[Data extracted from a collection]
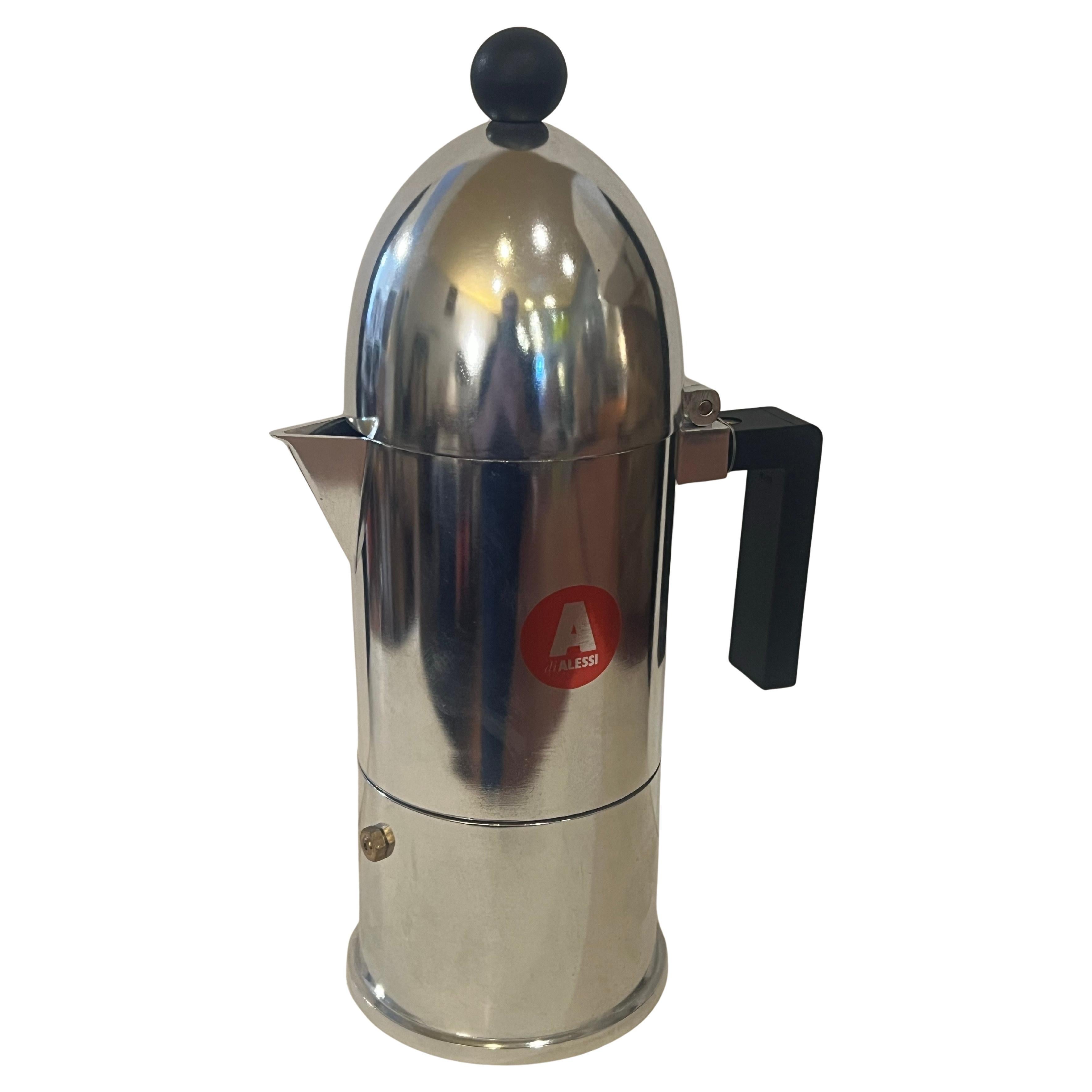Great design early production in polished aluminum finish color finish large espresso maker designed by Aldo Rossi for Alessi, circa 1988, six cup capacity the design after Italian churches called La cupola. Nice condition and working pouring great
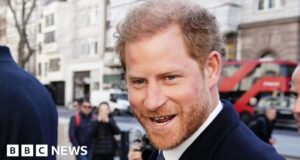Prince Harry bumps into photographer outside court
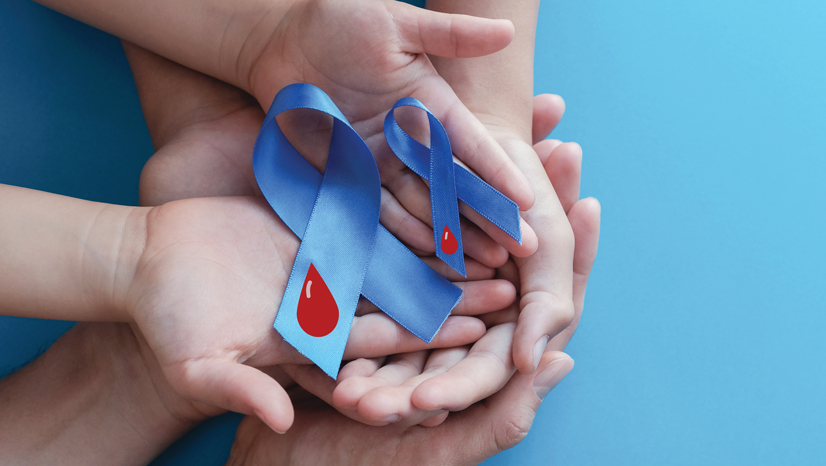 Above view of large hands, holding small hands that are holding two blue ribbons with a blood droplet graphic on it.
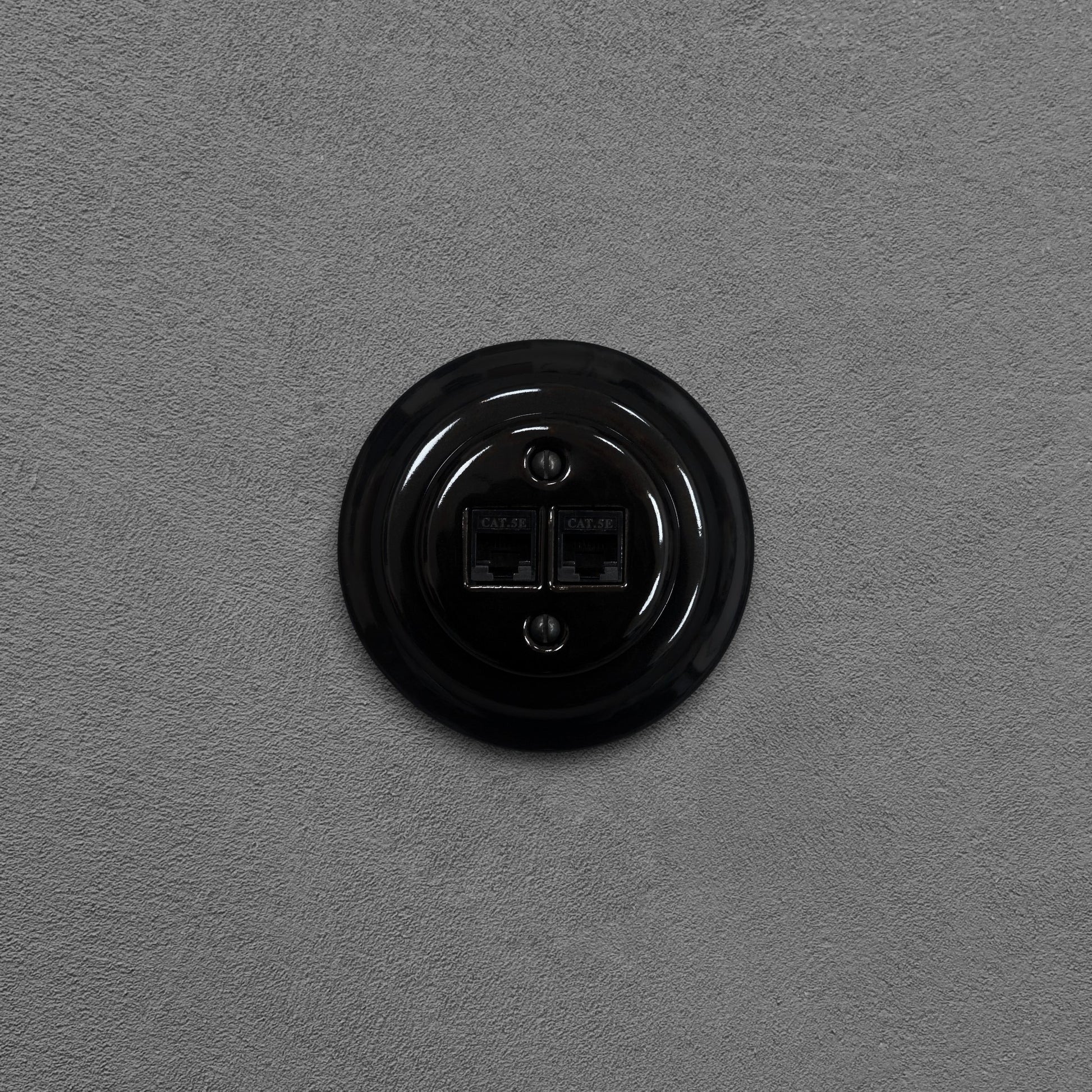 Black porcelain RJ45 Ethernet socket, flush-mounted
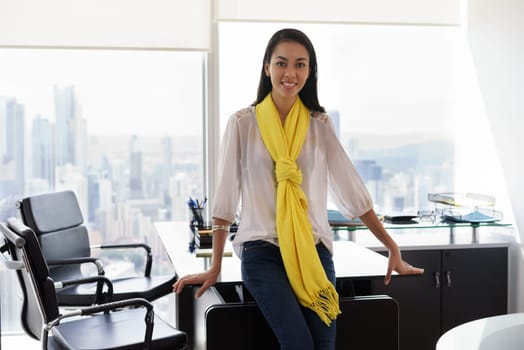 Young multiethnic Chinese Hispanic female entrepreneur leaning on table in a modern office building, with sight of the city. She looks at camera and smiles happy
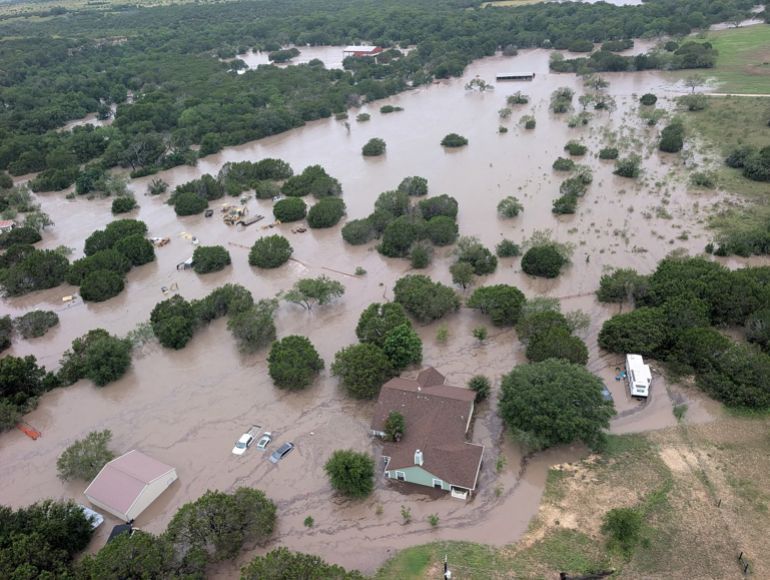 Houses and cars are partially submerged in flood waters in an aerial view near Kerrville, Texas, U.S. July 4, 2025. U.S. Coast Guard/Handout via REUTERS. THIS IMAGE HAS BEEN SUPPLIED BY A THIRD PARTY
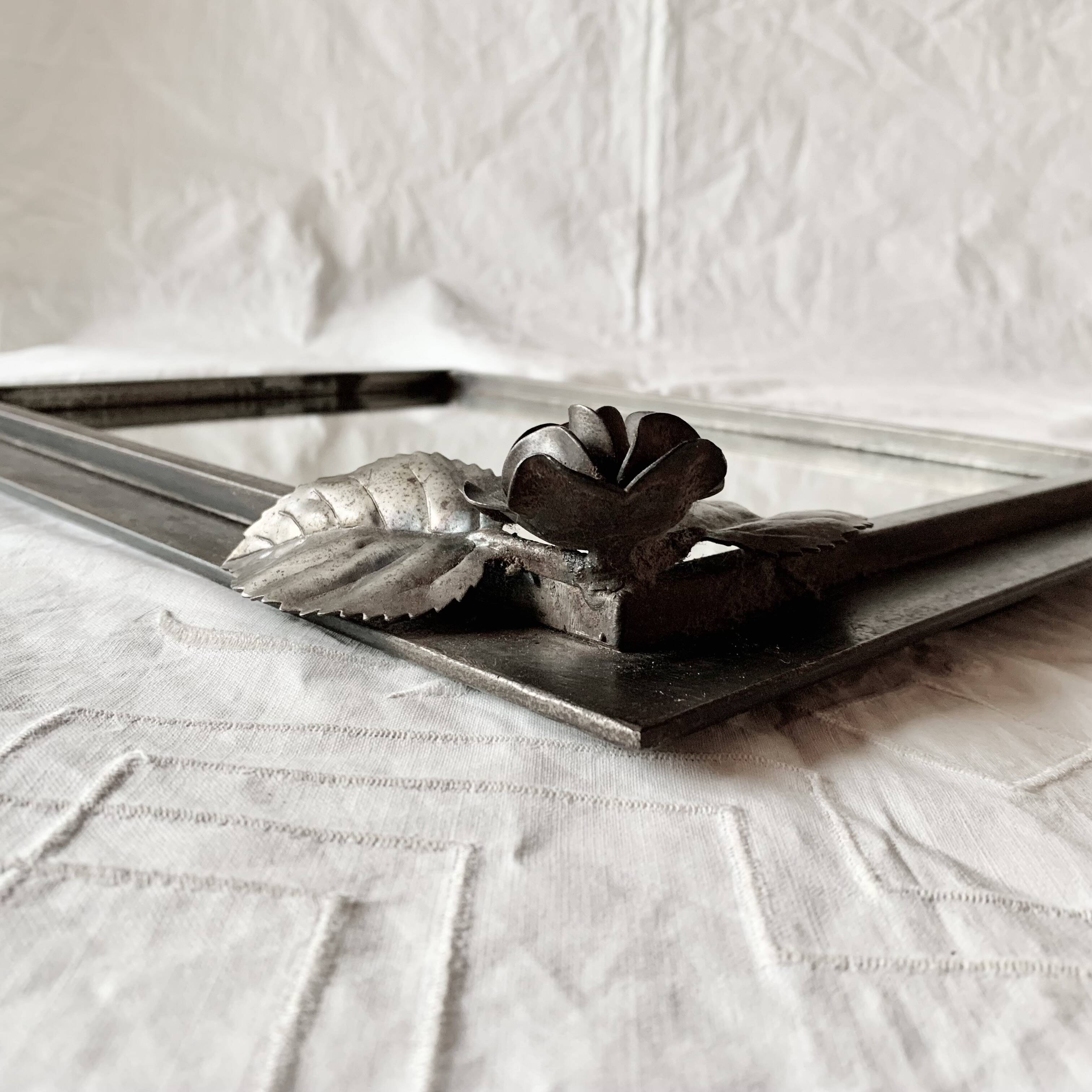 Vintage wall mirror in varnished steel decorated with a rose in relief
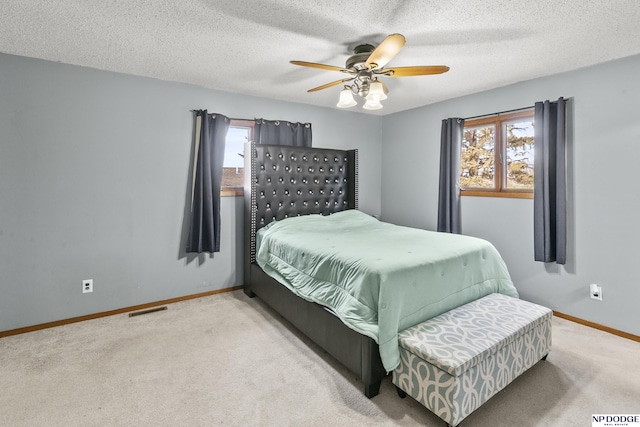 bedroom with light carpet, a textured ceiling, and ceiling fan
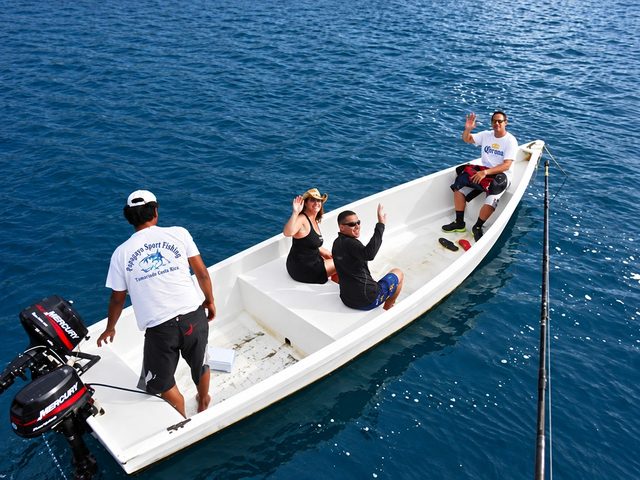 Guests wave from the dinghy that ferries them out to the Boat, seen from the Boat's deck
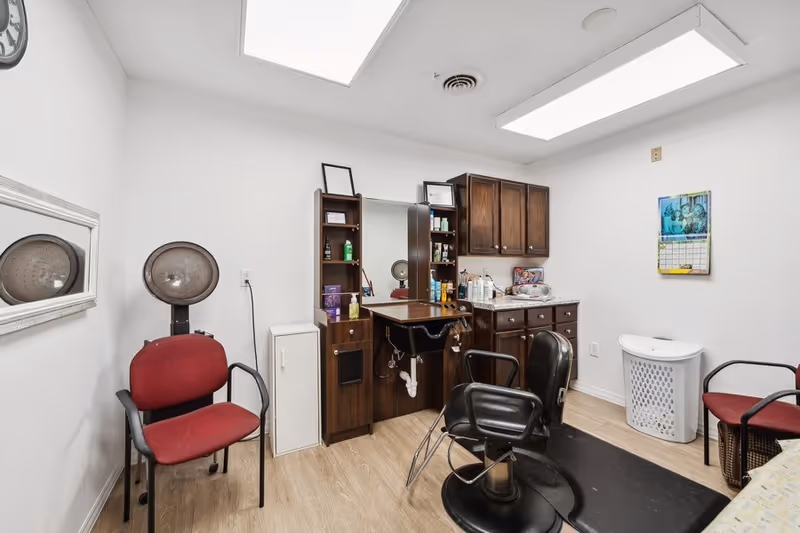 Interior of a small salon or beauty room with a hair washing station, a black salon chair, two red chairs, wooden cabinets with various hair products, a calendar on the wall, and a laundry basket. The room has white walls and a light wood floor with bright overhead lighting.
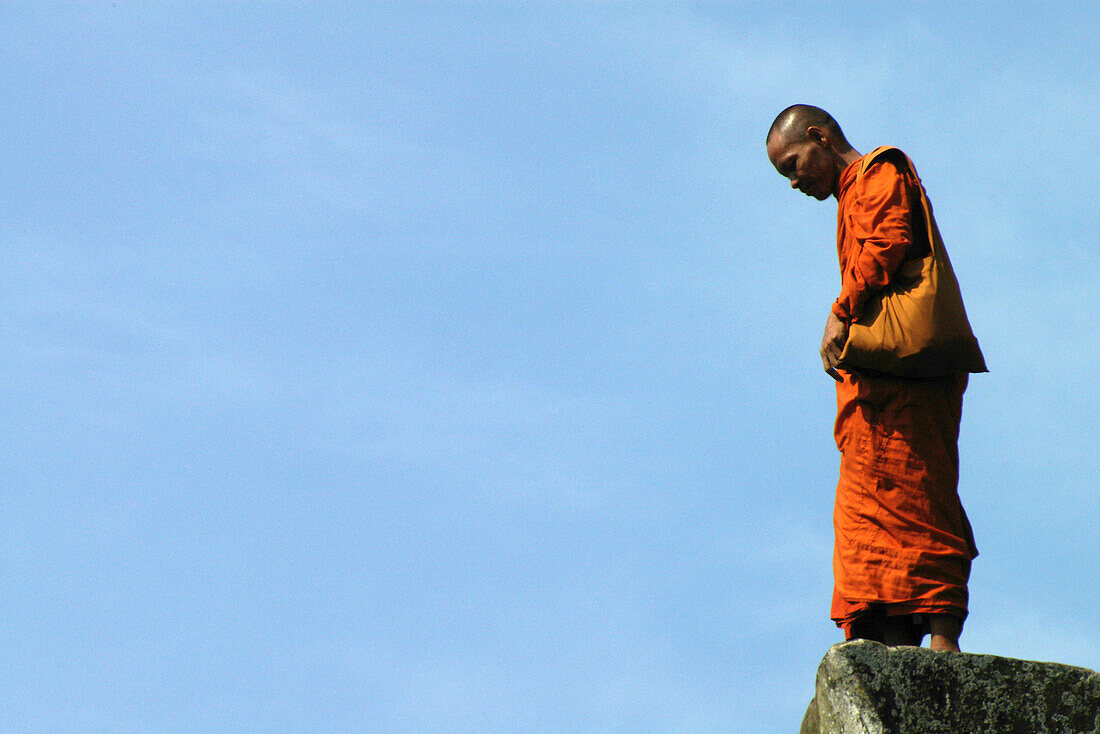 Monk at Angkor Wat in orange robe against blue sky, Siem Reap, near, Cambodia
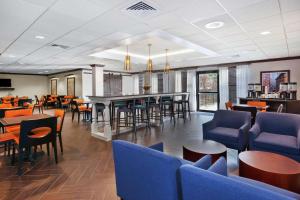 a restaurant with tables and chairs and a bar at Hampton Inn Boston/Peabody in Peabody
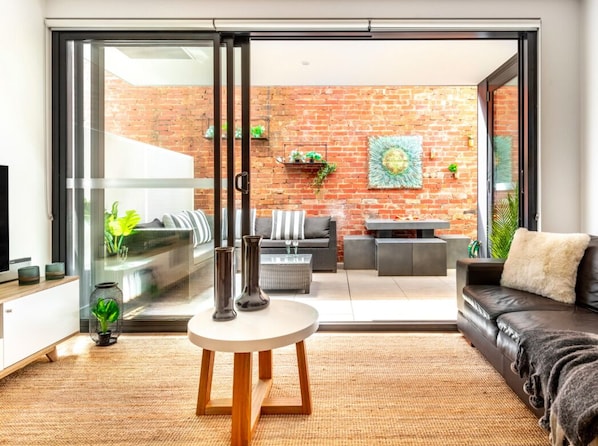 Lounge with double doors opening to courtyard.  Magnificent space to be enjoyed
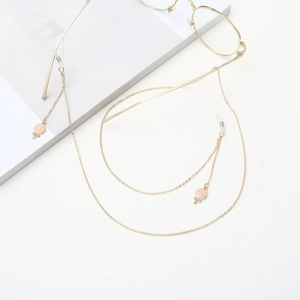 Golden eyeglass chain featuring pink candy pendant and anti-slip silicone loops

Exercise goal -> No picture belongs in the answer, but every word of the records above does, exactly as given.

Task result ->
Great design early production in polished aluminum finish color finish large espresso maker designed by Aldo Rossi for Alessi, circa 1988, six cup capacity the design after Italian churches called La cupola. Nice condition and working pouring great
Prince Harry bumps into photographer outside court
 Above view of large hands, holding small hands that are holding two blue ribbons with a blood droplet graphic on it.
 Black porcelain RJ45 Ethernet socket, flush-mounted
 Young multiethnic Chinese Hispanic female entrepreneur leaning on table in a modern office building, with sight of the city. She looks at camera and smiles happy
 Houses and cars are partially submerged in flood waters in an aerial view near Kerrville, Texas, U.S. July 4, 2025. U.S. Coast Guard/Handout via REUTERS. THIS IMAGE HAS BEEN SUPPLIED BY A THIRD PARTY
 Vintage wall mirror in varnished steel decorated with a rose in relief
 bedroom with light carpet, a textured ceiling, and ceiling fan
 Guests wave from the dinghy that ferries them out to the Boat, seen from the Boat's deck
 Interior of a small salon or beauty room with a hair washing station, a black salon chair, two red chairs, wooden cabinets with various hair products, a calendar on the wall, and a laundry basket. The room has white walls and a light wood floor with bright overhead lighting.
 Monk at Angkor Wat in orange robe against blue sky, Siem Reap, near, Cambodia
 a restaurant with tables and chairs and a bar at Hampton Inn Boston/Peabody in Peabody
 Lounge with double doors opening to courtyard.  Magnificent space to be enjoyed
 Golden eyeglass chain featuring pink candy pendant and anti-slip silicone loops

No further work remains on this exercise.